• _TASK INSTRUCTIONS_
Using the records below, output the stretch that opens with the line containing "imageThe North Face" and closes with the line containing "Cherry and Leaves Pattern Kids Apron", exactly and including both lines, with nothing more.

• _SOURCE MATERIAL_
# # #
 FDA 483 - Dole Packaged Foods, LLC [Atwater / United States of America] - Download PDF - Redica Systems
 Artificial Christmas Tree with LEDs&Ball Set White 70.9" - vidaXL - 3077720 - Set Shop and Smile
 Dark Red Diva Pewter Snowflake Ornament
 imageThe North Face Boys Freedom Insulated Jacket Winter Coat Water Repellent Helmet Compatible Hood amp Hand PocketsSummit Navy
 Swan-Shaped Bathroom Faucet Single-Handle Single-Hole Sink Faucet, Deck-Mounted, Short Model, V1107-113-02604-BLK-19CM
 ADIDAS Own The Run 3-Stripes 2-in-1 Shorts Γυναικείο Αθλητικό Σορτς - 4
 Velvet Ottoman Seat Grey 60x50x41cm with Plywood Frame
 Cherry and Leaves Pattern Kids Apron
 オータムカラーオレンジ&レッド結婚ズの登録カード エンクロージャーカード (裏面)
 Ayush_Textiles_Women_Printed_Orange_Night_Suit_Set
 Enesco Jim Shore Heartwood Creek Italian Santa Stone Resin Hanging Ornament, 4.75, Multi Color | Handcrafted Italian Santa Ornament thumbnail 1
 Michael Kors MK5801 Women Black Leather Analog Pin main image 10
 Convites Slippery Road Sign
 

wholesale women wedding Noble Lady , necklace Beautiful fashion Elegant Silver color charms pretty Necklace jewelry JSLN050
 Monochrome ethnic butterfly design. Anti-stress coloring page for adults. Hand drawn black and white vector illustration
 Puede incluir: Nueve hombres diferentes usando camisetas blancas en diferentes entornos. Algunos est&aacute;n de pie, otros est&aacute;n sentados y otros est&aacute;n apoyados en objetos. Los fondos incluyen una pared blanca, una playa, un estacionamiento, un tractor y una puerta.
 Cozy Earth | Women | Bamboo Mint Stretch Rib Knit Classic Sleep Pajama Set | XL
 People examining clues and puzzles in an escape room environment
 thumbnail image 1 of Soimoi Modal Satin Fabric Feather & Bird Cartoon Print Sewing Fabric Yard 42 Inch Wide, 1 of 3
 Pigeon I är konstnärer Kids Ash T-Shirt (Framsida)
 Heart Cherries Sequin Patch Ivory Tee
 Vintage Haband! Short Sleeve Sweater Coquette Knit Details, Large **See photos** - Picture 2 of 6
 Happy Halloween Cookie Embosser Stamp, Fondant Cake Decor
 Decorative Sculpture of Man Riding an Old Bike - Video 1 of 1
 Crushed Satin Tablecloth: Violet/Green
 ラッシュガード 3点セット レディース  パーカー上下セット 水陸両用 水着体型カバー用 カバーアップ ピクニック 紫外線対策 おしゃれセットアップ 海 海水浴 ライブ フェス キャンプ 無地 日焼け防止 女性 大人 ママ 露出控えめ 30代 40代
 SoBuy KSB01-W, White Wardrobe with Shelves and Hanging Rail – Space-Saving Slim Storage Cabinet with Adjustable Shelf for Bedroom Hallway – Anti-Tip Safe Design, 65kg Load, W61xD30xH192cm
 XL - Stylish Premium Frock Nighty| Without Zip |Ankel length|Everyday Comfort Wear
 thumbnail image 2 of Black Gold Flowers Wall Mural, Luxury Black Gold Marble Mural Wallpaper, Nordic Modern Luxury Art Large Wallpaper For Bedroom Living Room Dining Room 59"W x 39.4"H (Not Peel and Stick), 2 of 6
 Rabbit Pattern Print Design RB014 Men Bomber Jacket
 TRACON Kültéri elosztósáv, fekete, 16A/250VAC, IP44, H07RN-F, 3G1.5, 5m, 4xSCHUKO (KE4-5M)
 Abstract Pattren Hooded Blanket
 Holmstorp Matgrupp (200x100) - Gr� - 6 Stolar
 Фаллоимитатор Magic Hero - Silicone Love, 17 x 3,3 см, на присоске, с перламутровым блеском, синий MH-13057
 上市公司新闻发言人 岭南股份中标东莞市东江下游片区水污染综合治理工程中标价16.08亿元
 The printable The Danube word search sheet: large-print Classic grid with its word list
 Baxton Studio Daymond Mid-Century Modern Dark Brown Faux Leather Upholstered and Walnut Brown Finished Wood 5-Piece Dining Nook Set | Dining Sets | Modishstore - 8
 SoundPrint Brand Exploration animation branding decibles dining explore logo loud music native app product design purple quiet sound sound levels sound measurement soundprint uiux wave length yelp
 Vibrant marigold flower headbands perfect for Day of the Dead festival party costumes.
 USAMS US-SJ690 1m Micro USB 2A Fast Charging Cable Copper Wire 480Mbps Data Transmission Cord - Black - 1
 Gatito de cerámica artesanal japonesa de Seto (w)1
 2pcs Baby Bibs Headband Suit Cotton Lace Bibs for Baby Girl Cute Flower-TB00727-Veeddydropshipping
# # #
• _THE ANSWER_
 imageThe North Face Boys Freedom Insulated Jacket Winter Coat Water Repellent Helmet Compatible Hood amp Hand PocketsSummit Navy
 Swan-Shaped Bathroom Faucet Single-Handle Single-Hole Sink Faucet, Deck-Mounted, Short Model, V1107-113-02604-BLK-19CM
 ADIDAS Own The Run 3-Stripes 2-in-1 Shorts Γυναικείο Αθλητικό Σορτς - 4
 Velvet Ottoman Seat Grey 60x50x41cm with Plywood Frame
 Cherry and Leaves Pattern Kids Apron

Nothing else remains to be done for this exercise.